### PROBLEM DESCRIPTION
Within the lines below, find those that hold the string "Kids" and copy each one.

[Brief descriptive captions]
□ □ □ □

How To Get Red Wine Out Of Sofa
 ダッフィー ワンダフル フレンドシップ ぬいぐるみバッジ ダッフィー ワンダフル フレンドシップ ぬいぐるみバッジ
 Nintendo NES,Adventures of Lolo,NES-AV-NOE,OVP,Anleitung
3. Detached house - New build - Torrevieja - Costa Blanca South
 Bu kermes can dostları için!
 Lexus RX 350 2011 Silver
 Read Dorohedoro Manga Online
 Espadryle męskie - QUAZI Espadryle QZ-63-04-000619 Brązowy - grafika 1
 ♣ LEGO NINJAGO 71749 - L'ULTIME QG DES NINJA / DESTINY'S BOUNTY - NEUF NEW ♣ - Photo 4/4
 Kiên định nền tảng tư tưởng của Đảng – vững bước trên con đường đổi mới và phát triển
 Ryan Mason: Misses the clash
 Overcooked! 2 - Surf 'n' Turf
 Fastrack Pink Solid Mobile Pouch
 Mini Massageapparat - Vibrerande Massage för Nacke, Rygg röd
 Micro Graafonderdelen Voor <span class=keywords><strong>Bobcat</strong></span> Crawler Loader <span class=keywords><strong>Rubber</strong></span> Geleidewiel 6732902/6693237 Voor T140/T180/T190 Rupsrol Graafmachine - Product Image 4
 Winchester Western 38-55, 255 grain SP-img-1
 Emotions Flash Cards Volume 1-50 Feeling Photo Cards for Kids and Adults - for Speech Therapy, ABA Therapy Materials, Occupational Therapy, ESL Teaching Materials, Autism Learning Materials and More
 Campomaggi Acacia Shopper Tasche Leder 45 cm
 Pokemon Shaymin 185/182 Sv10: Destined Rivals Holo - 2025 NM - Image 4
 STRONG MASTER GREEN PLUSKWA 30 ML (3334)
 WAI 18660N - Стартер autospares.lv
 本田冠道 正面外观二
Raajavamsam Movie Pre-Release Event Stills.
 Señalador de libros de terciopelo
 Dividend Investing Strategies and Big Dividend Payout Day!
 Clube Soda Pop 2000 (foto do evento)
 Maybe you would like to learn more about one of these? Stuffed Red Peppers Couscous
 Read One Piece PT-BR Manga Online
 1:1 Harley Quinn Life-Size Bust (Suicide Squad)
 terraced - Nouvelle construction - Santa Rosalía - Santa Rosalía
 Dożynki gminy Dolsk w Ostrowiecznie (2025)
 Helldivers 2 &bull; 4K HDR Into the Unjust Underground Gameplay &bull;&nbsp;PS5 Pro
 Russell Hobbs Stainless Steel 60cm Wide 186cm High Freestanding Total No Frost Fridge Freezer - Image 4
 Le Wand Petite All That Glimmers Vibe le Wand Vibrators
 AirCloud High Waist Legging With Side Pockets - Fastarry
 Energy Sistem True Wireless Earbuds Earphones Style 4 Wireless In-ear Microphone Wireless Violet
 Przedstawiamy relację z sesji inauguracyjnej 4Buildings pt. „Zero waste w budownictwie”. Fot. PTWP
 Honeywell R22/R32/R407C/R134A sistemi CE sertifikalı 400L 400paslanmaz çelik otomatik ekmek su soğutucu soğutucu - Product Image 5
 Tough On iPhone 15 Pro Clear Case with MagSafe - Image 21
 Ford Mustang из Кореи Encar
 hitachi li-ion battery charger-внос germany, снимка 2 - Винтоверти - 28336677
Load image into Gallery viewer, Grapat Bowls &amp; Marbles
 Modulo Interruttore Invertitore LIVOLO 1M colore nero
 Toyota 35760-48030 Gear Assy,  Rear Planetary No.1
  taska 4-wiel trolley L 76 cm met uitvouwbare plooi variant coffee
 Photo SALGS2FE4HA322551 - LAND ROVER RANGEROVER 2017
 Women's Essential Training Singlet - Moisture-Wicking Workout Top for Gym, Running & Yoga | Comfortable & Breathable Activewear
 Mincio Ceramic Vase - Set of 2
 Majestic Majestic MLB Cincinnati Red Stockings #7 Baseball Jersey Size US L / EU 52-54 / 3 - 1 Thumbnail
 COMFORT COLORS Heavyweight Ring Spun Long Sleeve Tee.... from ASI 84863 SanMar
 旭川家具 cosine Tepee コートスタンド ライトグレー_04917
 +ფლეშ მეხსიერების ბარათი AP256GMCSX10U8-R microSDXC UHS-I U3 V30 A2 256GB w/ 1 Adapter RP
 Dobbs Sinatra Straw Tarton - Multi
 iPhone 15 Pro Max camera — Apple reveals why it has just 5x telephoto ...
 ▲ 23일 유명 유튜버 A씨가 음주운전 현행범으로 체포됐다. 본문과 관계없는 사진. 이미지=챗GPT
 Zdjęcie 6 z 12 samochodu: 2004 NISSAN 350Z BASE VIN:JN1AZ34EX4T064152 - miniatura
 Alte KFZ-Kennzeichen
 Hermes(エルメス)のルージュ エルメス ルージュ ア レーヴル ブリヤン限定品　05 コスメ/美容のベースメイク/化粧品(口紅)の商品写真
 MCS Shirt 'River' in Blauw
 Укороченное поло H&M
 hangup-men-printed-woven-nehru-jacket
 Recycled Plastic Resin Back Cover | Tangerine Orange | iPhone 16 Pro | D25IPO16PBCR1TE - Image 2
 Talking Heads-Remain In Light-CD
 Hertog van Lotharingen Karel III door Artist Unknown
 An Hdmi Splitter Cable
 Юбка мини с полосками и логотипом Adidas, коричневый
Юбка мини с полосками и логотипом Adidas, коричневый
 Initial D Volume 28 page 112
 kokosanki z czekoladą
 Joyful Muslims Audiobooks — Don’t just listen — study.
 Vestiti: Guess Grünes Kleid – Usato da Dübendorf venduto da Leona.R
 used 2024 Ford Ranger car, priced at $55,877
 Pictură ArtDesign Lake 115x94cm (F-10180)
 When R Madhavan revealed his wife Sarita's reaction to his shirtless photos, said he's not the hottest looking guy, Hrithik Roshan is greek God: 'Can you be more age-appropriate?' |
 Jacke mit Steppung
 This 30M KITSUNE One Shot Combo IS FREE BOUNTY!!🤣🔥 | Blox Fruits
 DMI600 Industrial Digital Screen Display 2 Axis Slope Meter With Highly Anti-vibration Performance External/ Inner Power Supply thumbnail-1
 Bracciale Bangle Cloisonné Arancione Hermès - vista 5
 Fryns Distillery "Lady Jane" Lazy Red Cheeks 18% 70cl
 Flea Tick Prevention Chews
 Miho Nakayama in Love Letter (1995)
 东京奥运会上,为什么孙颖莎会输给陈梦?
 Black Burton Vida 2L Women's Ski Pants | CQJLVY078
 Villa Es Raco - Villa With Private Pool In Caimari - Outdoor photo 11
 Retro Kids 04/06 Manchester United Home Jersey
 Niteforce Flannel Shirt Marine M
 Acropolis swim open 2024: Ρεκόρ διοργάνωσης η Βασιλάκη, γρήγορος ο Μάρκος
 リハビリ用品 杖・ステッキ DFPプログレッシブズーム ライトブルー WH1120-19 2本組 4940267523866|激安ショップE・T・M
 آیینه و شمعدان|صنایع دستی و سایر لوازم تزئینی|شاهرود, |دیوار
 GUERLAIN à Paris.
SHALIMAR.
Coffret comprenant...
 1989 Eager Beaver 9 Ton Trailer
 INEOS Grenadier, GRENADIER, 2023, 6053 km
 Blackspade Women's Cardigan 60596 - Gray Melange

□ □ □ □

### WRITTEN RESPONSE
 Emotions Flash Cards Volume 1-50 Feeling Photo Cards for Kids and Adults - for Speech Therapy, ABA Therapy Materials, Occupational Therapy, ESL Teaching Materials, Autism Learning Materials and More
 Retro Kids 04/06 Manchester United Home Jersey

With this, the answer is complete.